The Birth of News. A Program in Early Modern Media Studies

Brendan Dooley - Director
Davide Boerio

With the establishment of public mail routes in the early sixteenth century, weekly and biweekly manuscript newsletters, known as avvisi, began to circulate among cities and courts of Europe. The content of these folios ranged from political and financial updates, cultural events, news of catastrophes, plagues, and conflicts as well as social commentary, local color, and gossip. Written by postmasters, information brokers, and anonymous agents, copied by teams of scribes, hawked on the streets, purchased by subscription, and read, often out loud, at court, avvisi originated from places as distant from each other as London, Madrid, Krakow, Venice, Malta and Constantinople.
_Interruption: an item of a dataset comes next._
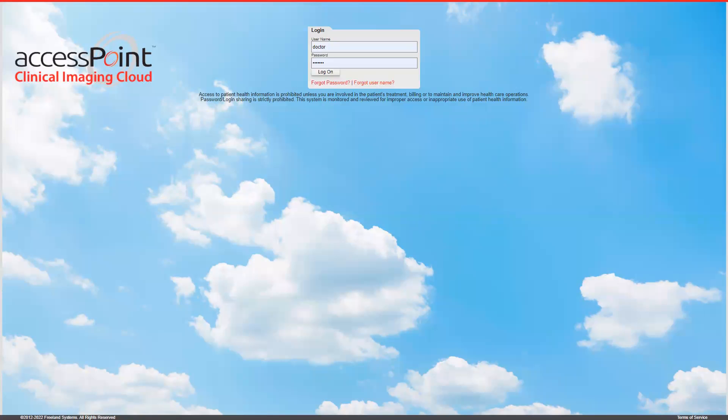Hi, my name is Bruce Dodge with Freeland Systems. Today I'm going to show you how to log into our system and access your studies that have been sent through Access Point Go.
The sheer quantity of avvisi and their often erratic organization in archives have frustrated comprehensive analyses of this historical phenomenon. The Birth of News program intends to examine one of the most complete and geographically inclusive collections of avvisi in Europe. Housed in the Archivio di Stato in Florence and incorporated in the epistolary collection of the Medici Grand Dukes (Mediceo del Principato), this corpus of avvisi (1537-1743), comprising more than 50,000 folios, arrived to Tuscany from all over Europe, Northern Africa and the Eastern Mediterranean.

 

This program’s mission includes the transcription and contextualization of the avvisi in the Medici Archives, using one of the most innovative digital humanities platforms now in public use: the Medici Archive Project’s BIA, funded by the Andrew W. Mellon Foundation. Utilizing the data-organization tools furnished by BIA, The Birth of News program will systematically address the cultural world of avvisi, map out their trajectories, analyze their content, and configure, with historical grounding, the shape of public information in early modern Europe.